C. Intentional tort, willful or deliberate misconduct, with intent to cause harm.

Gross negligence and intentional torts are generally punished more severely than mere negligence. These types of torts will not be discussed in this article.

Prove the Duty Existed, and that there was a Breach of the Duty

The factual proof related to whether a legal duty of care has been violated requires two evidentiary steps. One, it requires evidence of recognized standards, customs and safety rules under all the circumstances then existing. Two, it requires a showing that the duty was breached.[23] In other words, what the duty of care is under the circumstances is a question of fact.[24]

The contours of a duty, especially one shaped by reasonableness, must be cast to the particular circumstances of the case. But various considerations may inform that determination. There may be applicable statutes or regulations establishing a duty of care. Common practices or standards within an industry often bear on the scope of a duty owed. An entity's own policies and procedures may help measure compliance with a duty.

Estate of Beldon v. Brown County.[25]

As the Beldon Court indicated, the contours of the duty of care and safety are established several ways. A duty of care and safety can be proven different ways.

A statute or government regulation is intended to prevent the injury that occurred in the case.[26] An unexcused violation of a statute or regulation is negligence per se.[27] "An obligation created by statute may serve as a basis for establishing a duty."[28]

For example, a plaintiff may use violation of traffic-control statutes to support a claim of breach of a duty in negligence actions involving vehicles.[29] Violations of traffic-safety laws do not, however, impose strict liability on defendants.[30]

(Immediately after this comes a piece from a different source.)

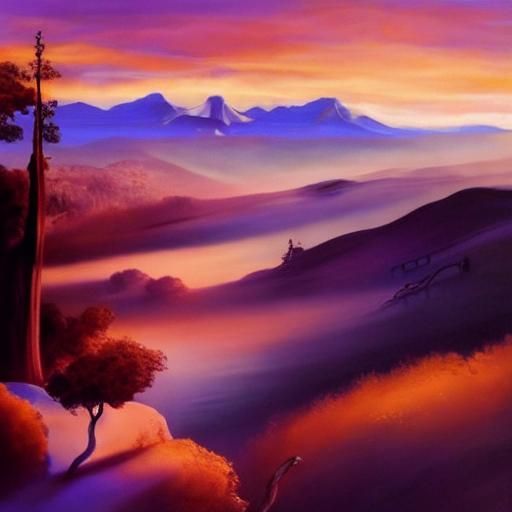A digital painting of a stunning mountain range at sunrise with the inclusion of a prominent cedar tree in the foregroun...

For a jury to determine how reasonable or unreasonable it is to violate a statutory standard, it may be important for the jury to hear evidence of the purpose of the statute. "In order to utilize a statute to establish a duty of care, a plaintiff must demonstrate that the purpose of the statute includes protecting the plaintiff against the kind of harm that the plaintiff suffered as a consequence of the violation of the statutory ob-ligation."[31]

In addition, the plaintiff may demonstrate that the plaintiff is a member of the class of people that a statute is designed to protect. However, the class of people the statute is designed to protect may be broad and may include all members of the public.[32]

So in a car wreck case for...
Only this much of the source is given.